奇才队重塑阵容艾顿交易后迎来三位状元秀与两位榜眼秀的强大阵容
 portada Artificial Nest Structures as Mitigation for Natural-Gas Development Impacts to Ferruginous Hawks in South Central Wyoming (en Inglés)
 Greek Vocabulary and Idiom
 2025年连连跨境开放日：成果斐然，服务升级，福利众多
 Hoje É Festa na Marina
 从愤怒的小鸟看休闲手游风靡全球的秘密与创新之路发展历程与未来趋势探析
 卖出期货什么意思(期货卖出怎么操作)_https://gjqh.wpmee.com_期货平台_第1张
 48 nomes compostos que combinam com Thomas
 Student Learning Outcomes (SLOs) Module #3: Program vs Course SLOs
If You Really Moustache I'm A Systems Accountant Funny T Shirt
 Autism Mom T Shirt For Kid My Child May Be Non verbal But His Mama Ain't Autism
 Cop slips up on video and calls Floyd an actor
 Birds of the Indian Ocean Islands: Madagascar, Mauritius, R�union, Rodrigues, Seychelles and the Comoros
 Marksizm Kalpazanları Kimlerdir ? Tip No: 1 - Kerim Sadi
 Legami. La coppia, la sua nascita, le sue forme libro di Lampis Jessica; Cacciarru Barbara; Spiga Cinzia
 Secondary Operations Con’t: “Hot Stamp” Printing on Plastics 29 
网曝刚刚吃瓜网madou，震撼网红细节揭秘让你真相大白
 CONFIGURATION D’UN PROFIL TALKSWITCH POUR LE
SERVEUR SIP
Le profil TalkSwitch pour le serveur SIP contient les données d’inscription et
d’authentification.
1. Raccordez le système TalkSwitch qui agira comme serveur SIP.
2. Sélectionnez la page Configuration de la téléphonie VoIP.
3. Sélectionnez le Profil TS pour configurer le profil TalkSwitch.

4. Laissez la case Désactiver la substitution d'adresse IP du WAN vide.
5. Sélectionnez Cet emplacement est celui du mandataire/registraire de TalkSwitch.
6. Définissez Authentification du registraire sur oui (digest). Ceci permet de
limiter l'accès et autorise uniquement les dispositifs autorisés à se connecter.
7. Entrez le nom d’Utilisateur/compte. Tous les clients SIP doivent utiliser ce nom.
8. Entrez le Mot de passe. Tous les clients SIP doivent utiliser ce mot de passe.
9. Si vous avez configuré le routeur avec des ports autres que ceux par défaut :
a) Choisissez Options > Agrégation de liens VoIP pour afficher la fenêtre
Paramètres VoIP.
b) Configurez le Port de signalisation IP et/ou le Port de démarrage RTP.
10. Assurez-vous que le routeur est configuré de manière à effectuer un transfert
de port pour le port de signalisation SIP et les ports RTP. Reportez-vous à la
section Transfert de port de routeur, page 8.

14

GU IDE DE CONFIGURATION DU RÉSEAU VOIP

TASK DIRECTIONS: Each line from the one containing "on Plastics 29" through the end of the material must be output exactly, and no other line.

REPLY:
 Secondary Operations Con’t: “Hot Stamp” Printing on Plastics 29 
网曝刚刚吃瓜网madou，震撼网红细节揭秘让你真相大白
 CONFIGURATION D’UN PROFIL TALKSWITCH POUR LE
SERVEUR SIP
Le profil TalkSwitch pour le serveur SIP contient les données d’inscription et
d’authentification.
1. Raccordez le système TalkSwitch qui agira comme serveur SIP.
2. Sélectionnez la page Configuration de la téléphonie VoIP.
3. Sélectionnez le Profil TS pour configurer le profil TalkSwitch.

4. Laissez la case Désactiver la substitution d'adresse IP du WAN vide.
5. Sélectionnez Cet emplacement est celui du mandataire/registraire de TalkSwitch.
6. Définissez Authentification du registraire sur oui (digest). Ceci permet de
limiter l'accès et autorise uniquement les dispositifs autorisés à se connecter.
7. Entrez le nom d’Utilisateur/compte. Tous les clients SIP doivent utiliser ce nom.
8. Entrez le Mot de passe. Tous les clients SIP doivent utiliser ce mot de passe.
9. Si vous avez configuré le routeur avec des ports autres que ceux par défaut :
a) Choisissez Options > Agrégation de liens VoIP pour afficher la fenêtre
Paramètres VoIP.
b) Configurez le Port de signalisation IP et/ou le Port de démarrage RTP.
10. Assurez-vous que le routeur est configuré de manière à effectuer un transfert
de port pour le port de signalisation SIP et les ports RTP. Reportez-vous à la
section Transfert de port de routeur, page 8.

14

GU IDE DE CONFIGURATION DU RÉSEAU VOIP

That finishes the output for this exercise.